* **Given information**:
****
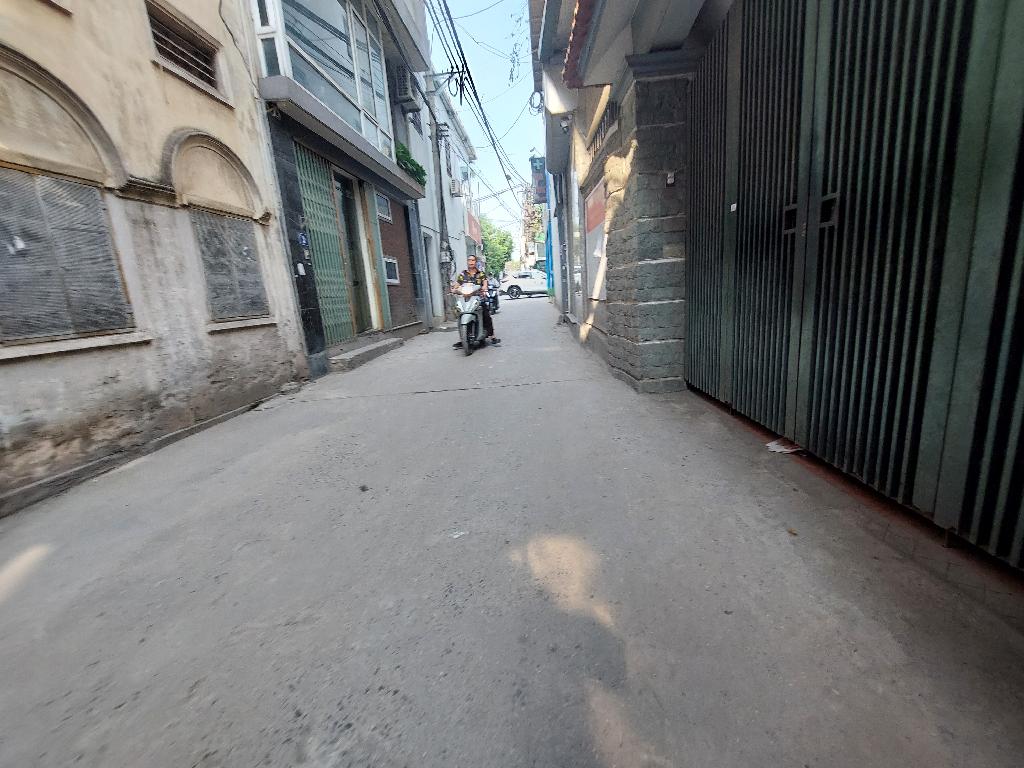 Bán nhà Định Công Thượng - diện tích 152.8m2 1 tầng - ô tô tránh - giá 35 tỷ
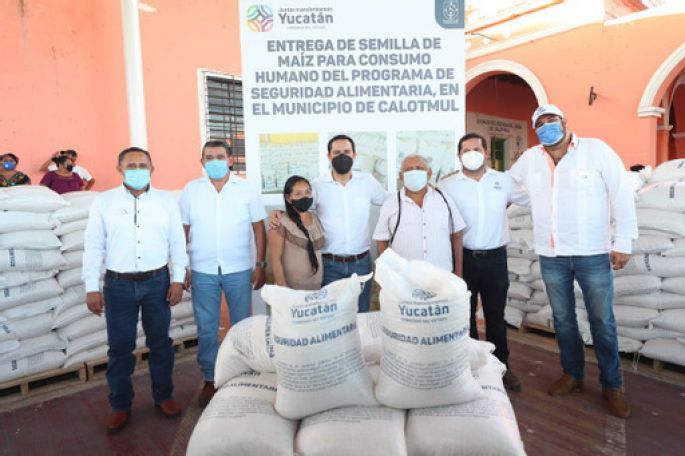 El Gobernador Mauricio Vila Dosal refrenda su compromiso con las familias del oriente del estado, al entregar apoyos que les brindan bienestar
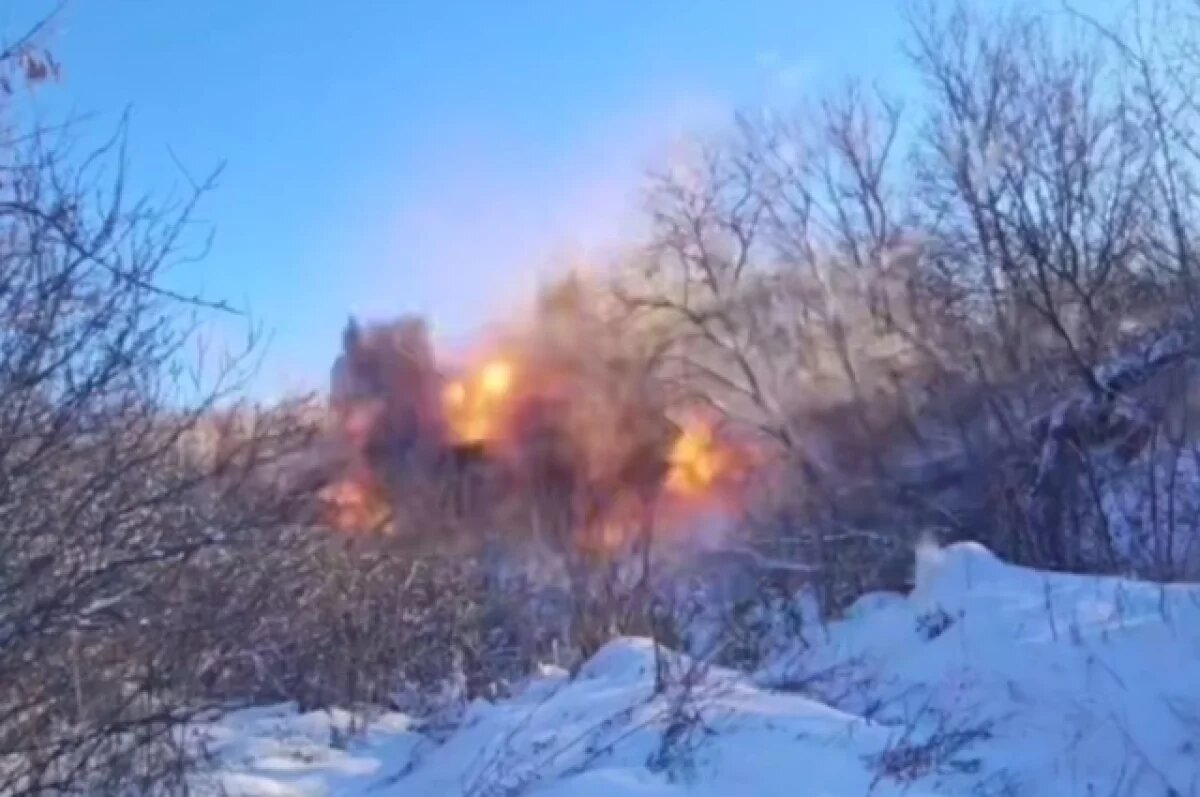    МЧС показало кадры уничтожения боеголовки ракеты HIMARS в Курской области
****
The data above is to be printed exactly, all of it, except for the pictures.

* **Answer**:
 Bán nhà Định Công Thượng - diện tích 152.8m2 1 tầng - ô tô tránh - giá 35 tỷ
 El Gobernador Mauricio Vila Dosal refrenda su compromiso con las familias del oriente del estado, al entregar apoyos que les brindan bienestar
    МЧС показало кадры уничтожения боеголовки ракеты HIMARS в Курской области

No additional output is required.